“So, you think you’re bisexual?”

I’m 12 years old, sitting in the bathroom, watching my mother straighten her hair before work.

For once, the house is quiet. No little sister running around and agitating the neighbors below us. No stepfather chasing after, telling her to be quiet. Everything is white and fluorescent. We’ve lived in this apartment in Jersey for a year now.

My mother glides the metal plates down her hair, ringlet curls now tamed from years of constant heat damage. Then, she calmly says, “So, you think you’re bisexual?”

This catches me off guard. I, awkward in clothes that have yet to adjust to my changing frame, sputter, “What?”

Tití Jessie overheard you talking to your cousin.” Which means she picked up the house phone to spy on our conversation. Great.

My mom puts the straightener down, turning from her reflection to look at me. “So you want to put your mouth on another girl’s vagina?”

Naturally, more panic ensues. “What? No!”

She turns back to the mirror. “Okay, then. That’s what I thought.”

And that was that.

My mom and I didn’t talk about my sexuality for another 12 years.

In that gap of time I was on my own, often riddled with doubt. Thinking, yes, she’s probably right.

I read all these romance novels about strong men pursuing strong girls who became soft for them. As a late bloomer of sorts, I didn’t have a significant other until I was 17. He and I explored entering adulthood together until I grew past him.

I went to college in Southern New Jersey, on a small campus known for its nursing and criminal justice programs. You can guess what my fellow classmates were like.

I was a commuter, so I’d drive through Atlantic City — predominately Black, overwhelmed with unemployment, watched over by the casinos jutting into the sky — and into the woodsy off-shore neighborhoods.

Thin Blue Line flags peppered the lawns of homes I passed, a constant reminder of where the people around me stood when it came to my humanity as a Black girl.

So obviously there wasn’t much space for an awkward, introverted Black girl who knew only how to make friends by attaching to the nearest extrovert.

I was still uncomfortable in my Blackness, and I think the other Black kids at my college could sense that.

So I found a home with the other literature majors. I became very used to attention from people who weren’t my type, while simultaneously never being the type of those who piqued my interest. This created a complex that led to a series of sexual encounters that displayed my need for attention and validation.

I was the “first Black girl” for so many cis white men. My quietness made me more approachable. More “acceptable.”

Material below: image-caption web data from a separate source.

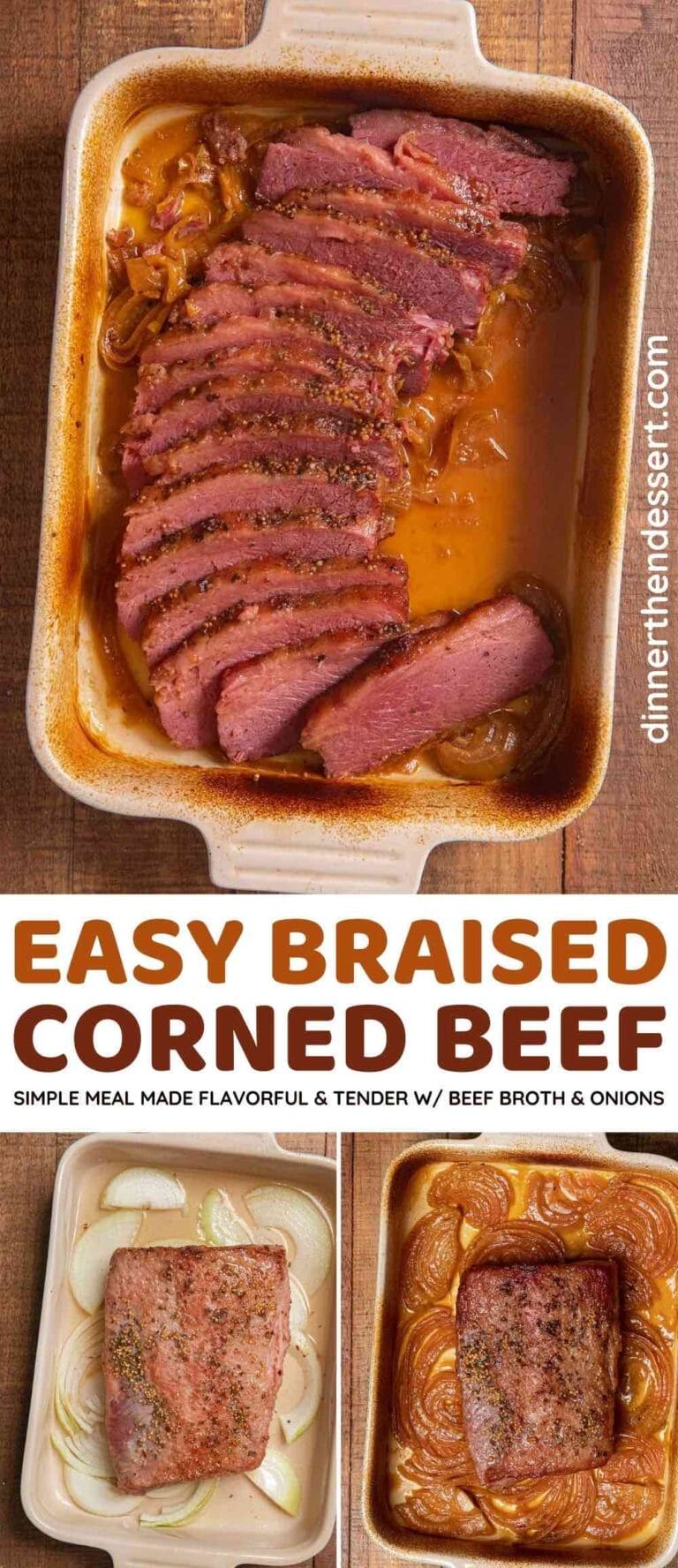 Braised Corned Beef Recipe Dinner, then Dessert
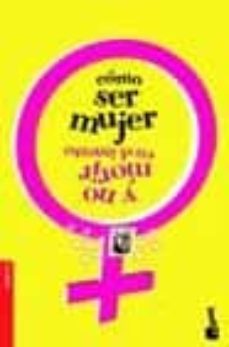 como ser una mujer y no morir en el intento-9788484602453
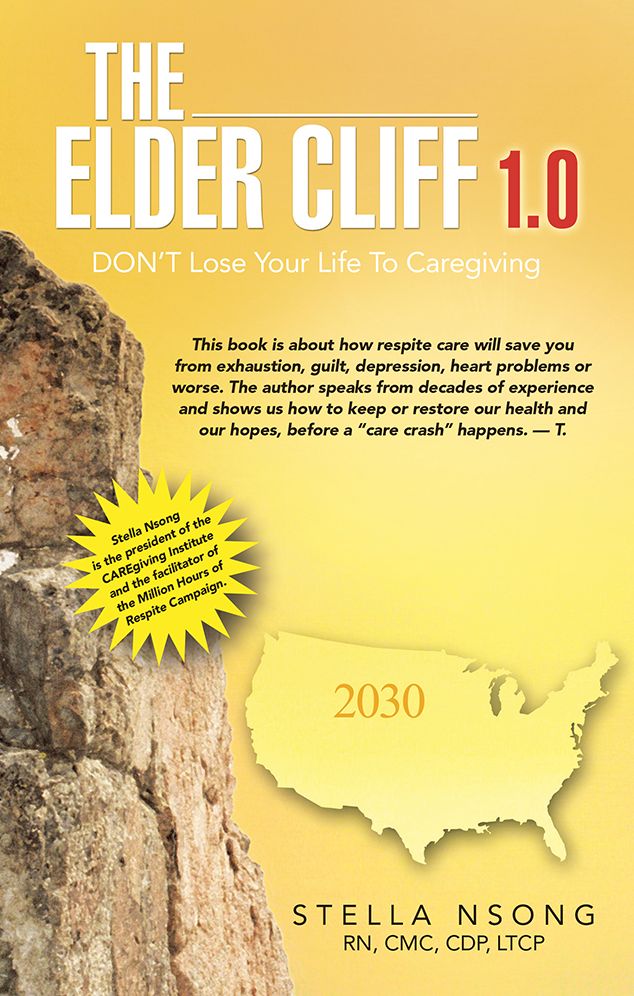 The Elder Cliff 1.0: DON'T Lose Your Life To Caregiving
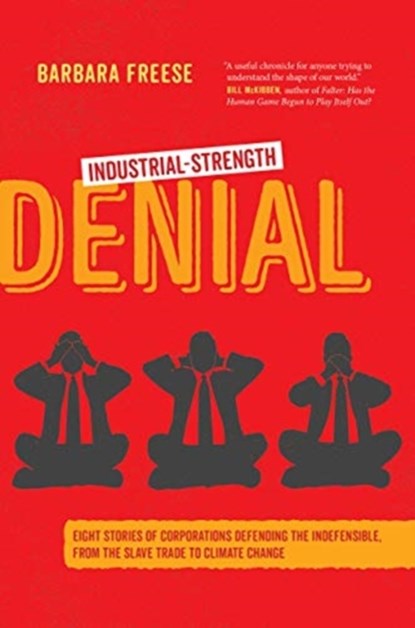 Industrial-Strength Denial, Barbara Freese - Paperback - 9780520383081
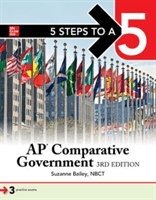 5 Steps to a 5: AP Comparative Government and Politics, Third Edition (Bailey Suzanne)(Paperback)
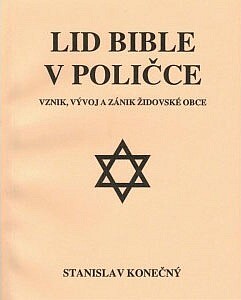Lid Bible v Poličce =People of the book (Jews) in Polička = Das Volk der Bibel (Juden) in Polička : vznik, vývoj a zánik židovské obce /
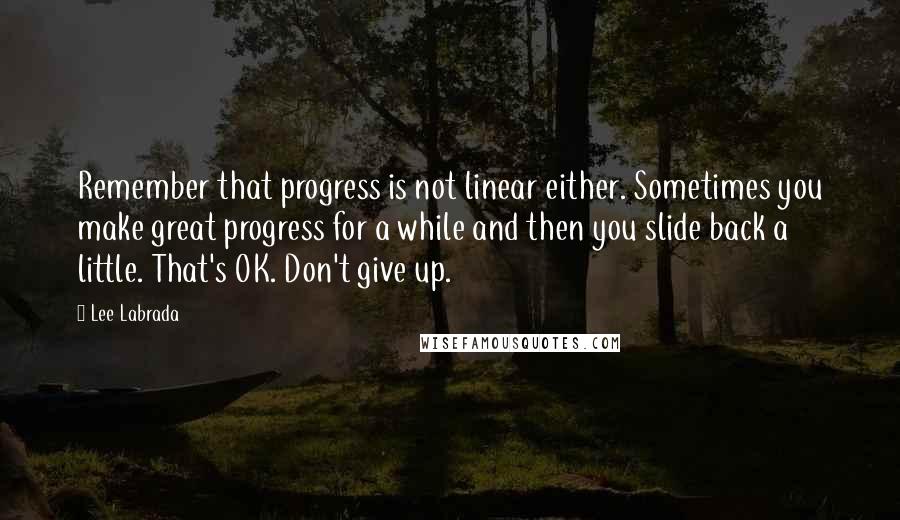 Lee Labrada Quotes: Remember that progress is not linear either. Sometimes you make great progress for a while and then you slide back a little. That's OK. Don't give up.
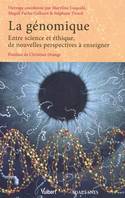 La génomique, Entre science et éthique, de nouvelles perspectives à enseigner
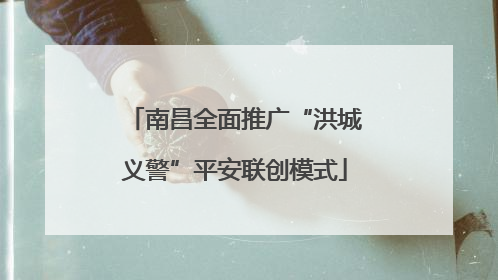 南昌全面推广“洪城义警”平安联创模式
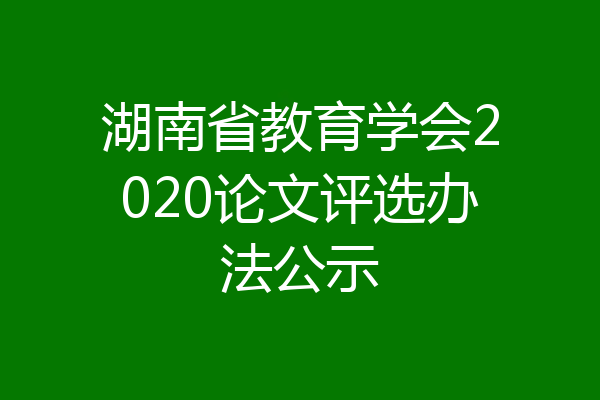 湖南省教育学会2020论文评选办法公示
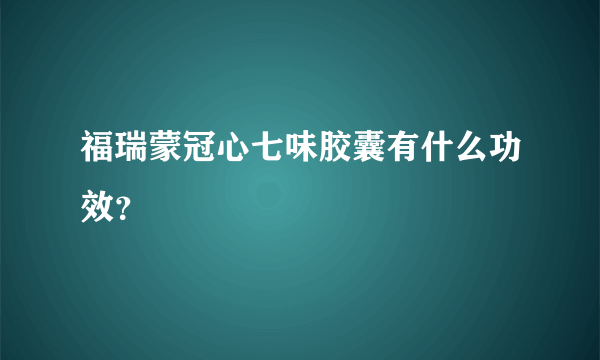 福瑞蒙冠心七味胶囊有什么功效？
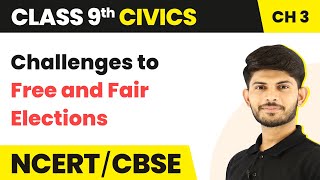 Class 9 Civics Chapter 3 | Challenges to Free and Fair Elections - Electoral Politics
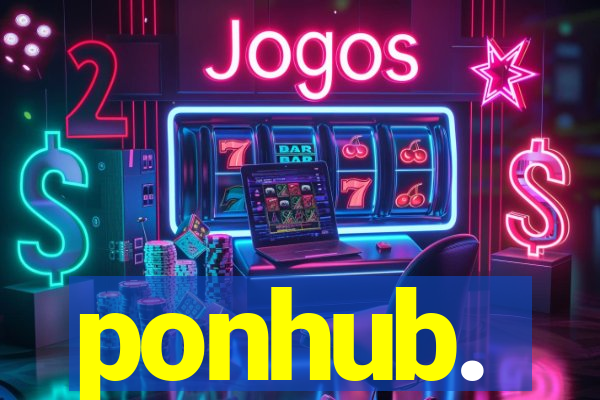 ponhub.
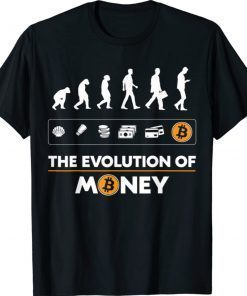 Bitcoin Evolution Of Money BTC Crypto Holder Cryptocurrency Shirts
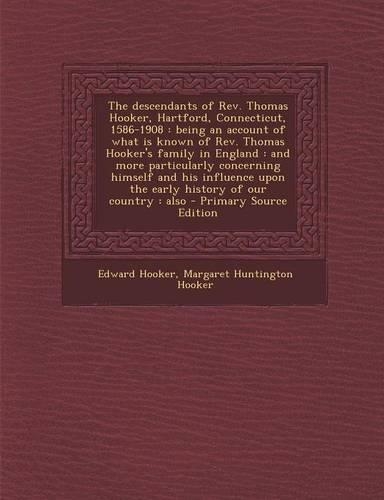 The Descendants of REV. Thomas Hooker, Hartford, Connecticut, 1586-1908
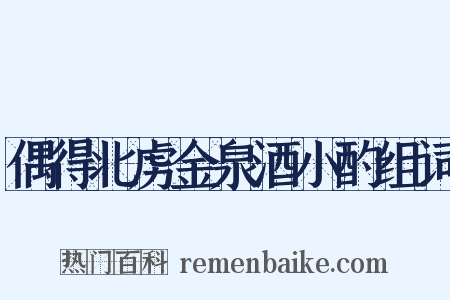 偶得北虏金泉酒小酌组词是什么意思的图片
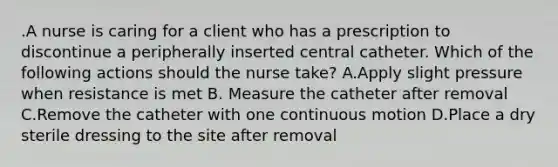 .A nurse is caring for a client who has a prescription to discontinue a peripherally inserted central catheter. Which of the following actions should the nurse take? A.Apply slight pressure when resistance is met B. Measure the catheter after removal C.Remove the catheter with one continuous motion D.Place a dry sterile dressing to the site after removal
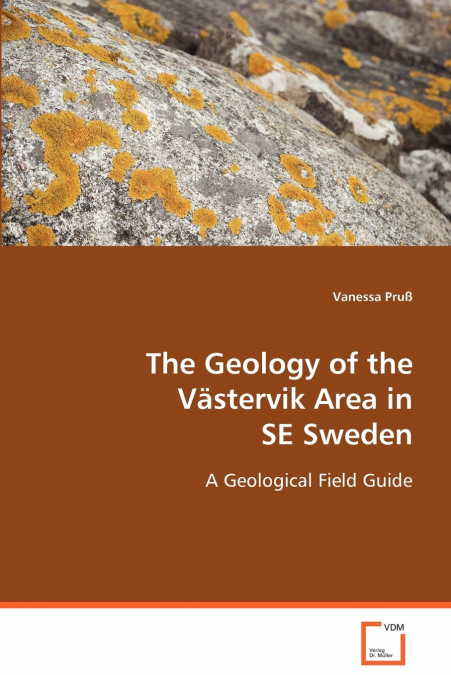 The Geology of the Västervik Area in SE Sweden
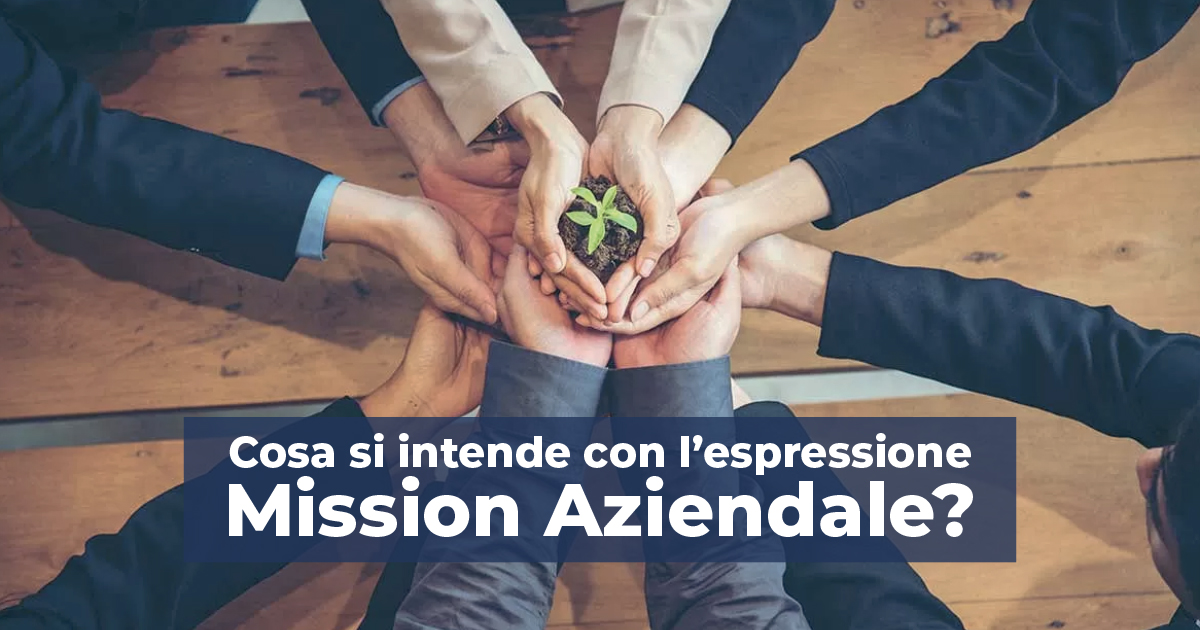 Il Blog Di Know How Cosa Si Intende Con Lespressione Mission Aziendale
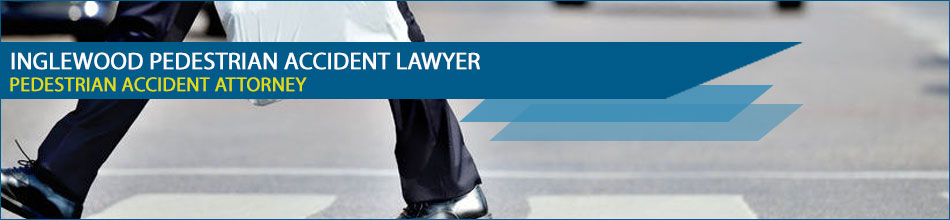 Inglewood Pedestrian Accident Lawyers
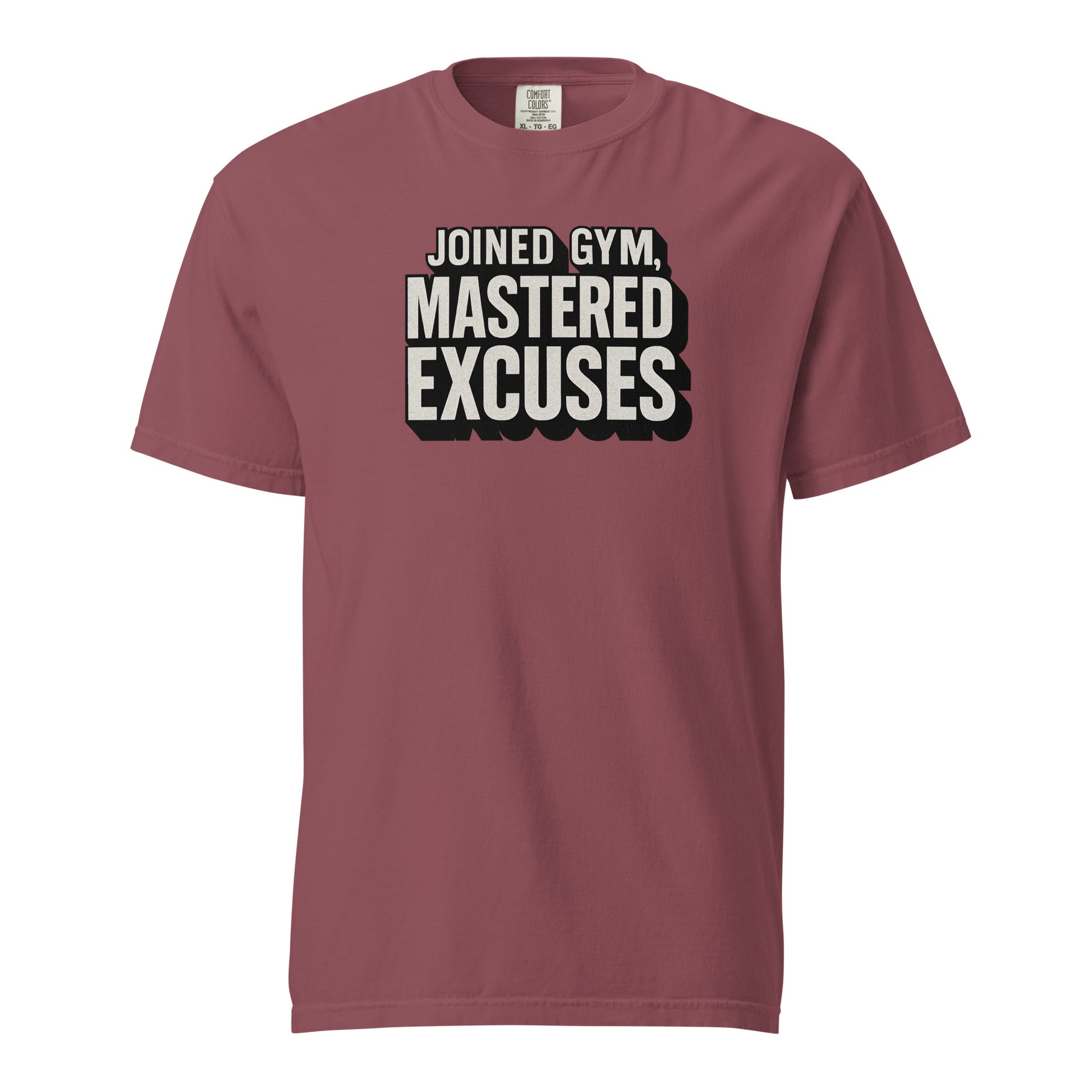 Joined gym, mastered excuses - Sarcastic T-Shirt | PureSarcasm in T Shirt Brick - Front View | Sarcastic T-shirt | PureSarcasm
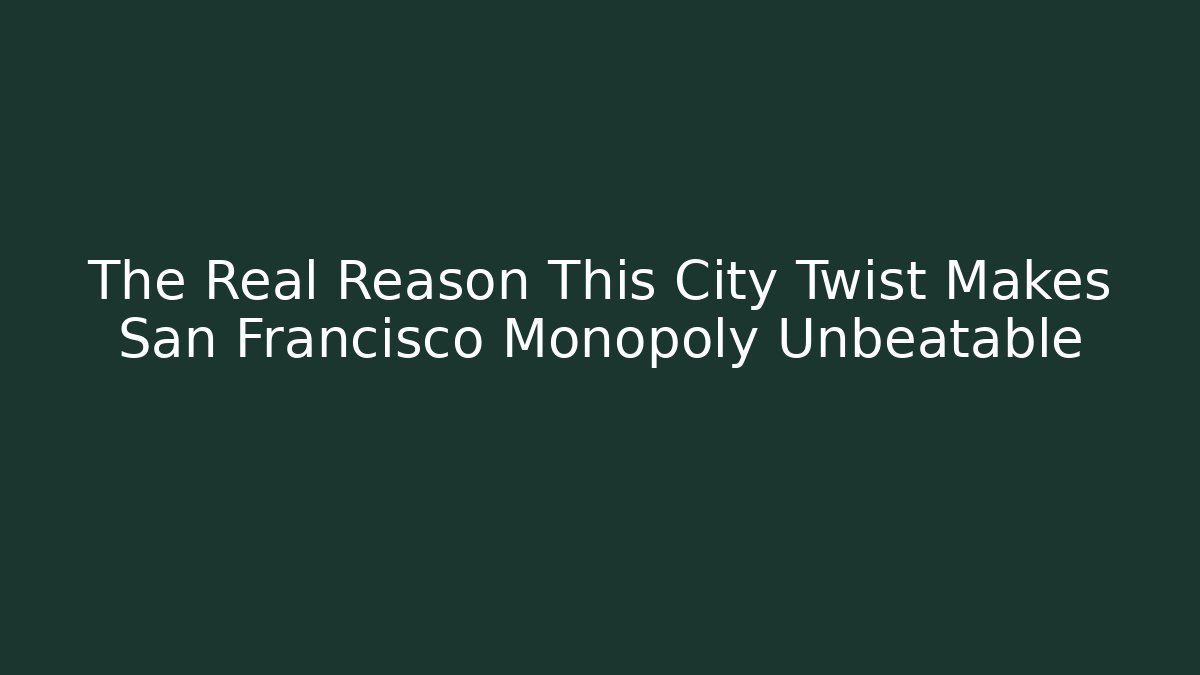 The Real Reason This City Twist Makes San Francisco Monopoly Unbeatable
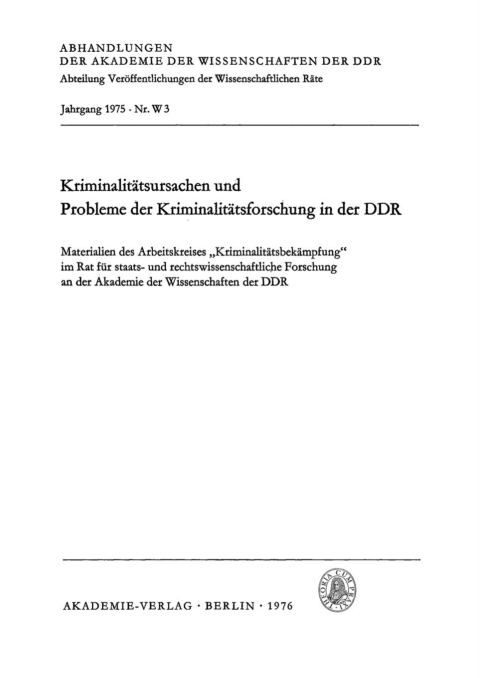Cover image for book Kriminalitätsursachen und Probleme der Kriminalitätsforschung in der DDR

Many people kept telling me what I was or what I wanted. In sitting around common areas with my friends, we’d joke about our relationships.

As my friends watched me rack up body after body, all of them cis and male, they began to make jokes at the validity of my queerness.

A lot of internalized biphobia is questioning yourself because others get into your head.

Bisexual people make up a little over 50 percent of the LGBTQIA community, yet we’re often made to feel like we’re invisible or don’t belong. Like we’re confused, or we haven’t figured it out yet. I began to buy into that concept for myself.

When I finally did have a sexual encounter with a woman, it was during my first threesome. It was a lot. I was slightly drunk and confused, unsure of how to navigate two bodies at once, balancing the couple’s relationship and focused on paying equal amounts of attention to each party.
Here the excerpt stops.